Our view: After several years of portfolio repositioning, de-leveraging, and challenges in Western Canada, DIR has finally hit its stride. As we look ahead, we see plenty of reasons to remain constructive, including 1) accelerating organic growth, 2) strong AFFOPU & NAVPU growth profiles, 3) a solid balance sheet, 4) an expanding development program, and 5) portfolio quality that’s notably improved. At current levels, we see an attractive risk-adjusted return. Reiterate Outperform, PT to $15 (+$1).
Key points:
Major strides in leasing underpin solid organic growth outlook. In 2021, DIR has completed 2MM sf of leasing at +20% spreads over prior rents, while also incorporating 2.4% annual rent steps. The strong rent growth, coupled with significant leasing completed in 2H/20 propelled Q1/21 SP NOI up 3.1% YoY. With ~440K sf (1.5% of GLA) of committed leases, we see good support for in-place occupancy to rise to ~97% in the coming months. Combined with anticipated rent growth, our 2021E reflect solid +4% SP NOI (vs. mid-single digit growth guidance), followed by 2-3% in 2022E.

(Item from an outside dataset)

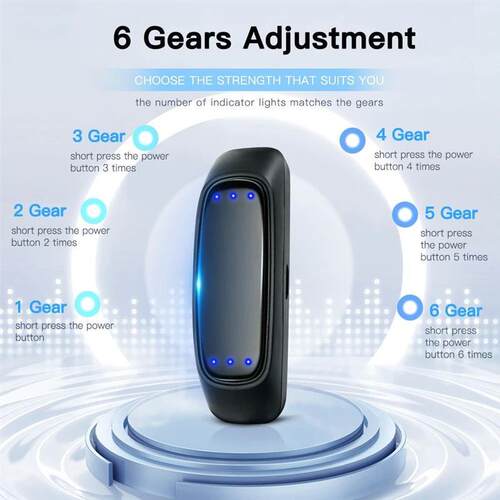 Smart Anti Snoring Device EMS Pulse Stop Snoring Effective S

Portfolio quality continues to move up the curve; developments ramping up too. Year-to-date, DIR has completed $315MM of acquisitions in Canada (77% of total), Europe (18%), and the US (5%) at a ~4.5% cap rate. As the majority is modern distribution/logistics space (30’ clear heights), with below markets rents (~10%), and select opportunities for intensification, we believe the additions enhance portfolio quality. We’re also encouraged by progress on developments, with 700K sf underway in Las Vegas, Montreal, and the GTA, and 600K sf in planning. Notably, DIR also acquired 30 acres of land in Brampton, ON for $35MM ($1.2MM/acre) with plans for 550K sf of logistics pace. With targeted unlevered yields of 6-8%, we expect the projects to drive incremental NAVPU growth.
AFFOPU estimates tweaked, NAVPU raised. Our 2021E/2022E AFFOPU are $0.67 (-$0.03)/$0.72 (-$0.02) with reductions for less favourable F/X, higher G&A, and cash drag as the $201MM (at $13.55/unit) April equity raise is deployed, partly offset by additional acquisitions and lower interest costs. Our 2020A-2022E AFFOPU CAGR is a solid 10%, ahead of its industrial peers (7%) and our broader universe (3%). Our 2021E FFOPU reflects 10% YoY growth, in line with DIR’s unchanged guidance. Partly aided by a 25 bps cap rate reduction, our NAVPU increased to $13 (+$0.50), with our $13.50 (+$0.25) one-year forward NAVPU reflecting healthy 4% YoY growth.
Maintaining Outperform, PT raised to $15 (+$1) on the increase in our forward NAV and a higher target multiple (10% premium to forward NAV vs. prior 5% premium). DIR is trading at 9% above NAV (21x 2021E AFFO/5.2% implied cap rate), below the 23% premium of its industrial peers and above our universe's 1% discount. Supported by an attractive growth profile, robust industrial fundamentals, below average leverage, and improving portfolio quality, we continue to see an attractive risk-adjusted return.